◆ **EXCERPTED RECORDS**
........

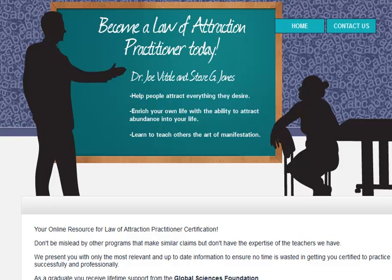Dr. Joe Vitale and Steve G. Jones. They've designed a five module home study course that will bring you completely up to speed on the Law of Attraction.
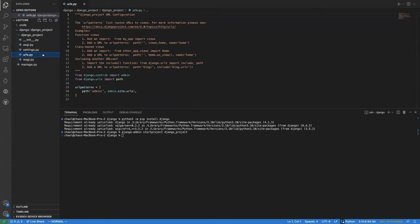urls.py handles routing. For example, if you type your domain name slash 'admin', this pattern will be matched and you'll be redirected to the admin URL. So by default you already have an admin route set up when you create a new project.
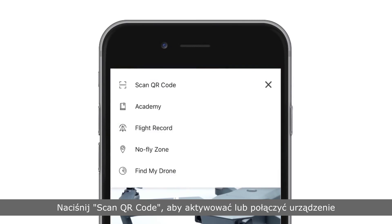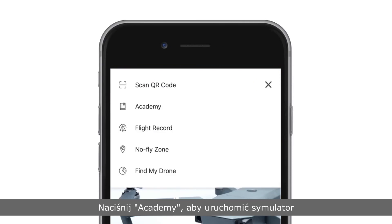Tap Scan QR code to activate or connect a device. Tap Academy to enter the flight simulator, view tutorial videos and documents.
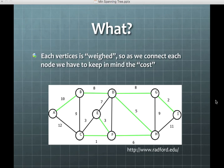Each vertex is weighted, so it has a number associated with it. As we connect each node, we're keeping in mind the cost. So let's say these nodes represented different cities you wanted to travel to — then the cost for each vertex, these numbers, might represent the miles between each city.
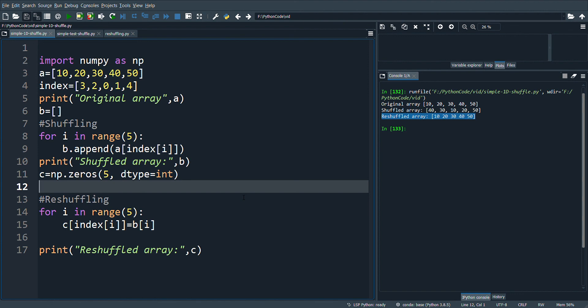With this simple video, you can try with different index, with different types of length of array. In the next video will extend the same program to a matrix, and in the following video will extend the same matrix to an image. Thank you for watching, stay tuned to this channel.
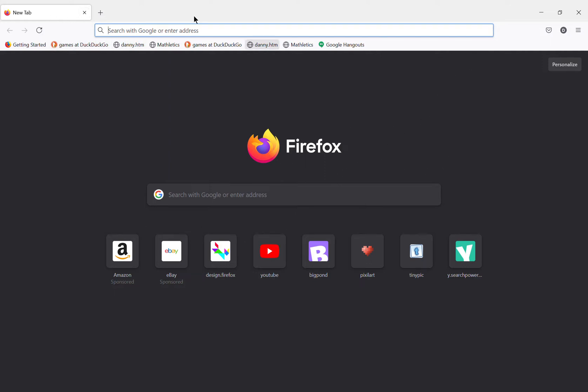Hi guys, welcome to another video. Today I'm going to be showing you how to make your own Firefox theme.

........

◆ **PROBLEM DETAILS**
A verbatim reproduction of each entry is expected, with every picture omitted.

◆ **RESPONSE TO THE EXERCISE**
Dr. Joe Vitale and Steve G. Jones. They've designed a five module home study course that will bring you completely up to speed on the Law of Attraction.
urls.py handles routing. For example, if you type your domain name slash 'admin', this pattern will be matched and you'll be redirected to the admin URL. So by default you already have an admin route set up when you create a new project.
Tap Scan QR code to activate or connect a device. Tap Academy to enter the flight simulator, view tutorial videos and documents.
Each vertex is weighted, so it has a number associated with it. As we connect each node, we're keeping in mind the cost. So let's say these nodes represented different cities you wanted to travel to — then the cost for each vertex, these numbers, might represent the miles between each city.
With this simple video, you can try with different index, with different types of length of array. In the next video will extend the same program to a matrix, and in the following video will extend the same matrix to an image. Thank you for watching, stay tuned to this channel.
Hi guys, welcome to another video. Today I'm going to be showing you how to make your own Firefox theme.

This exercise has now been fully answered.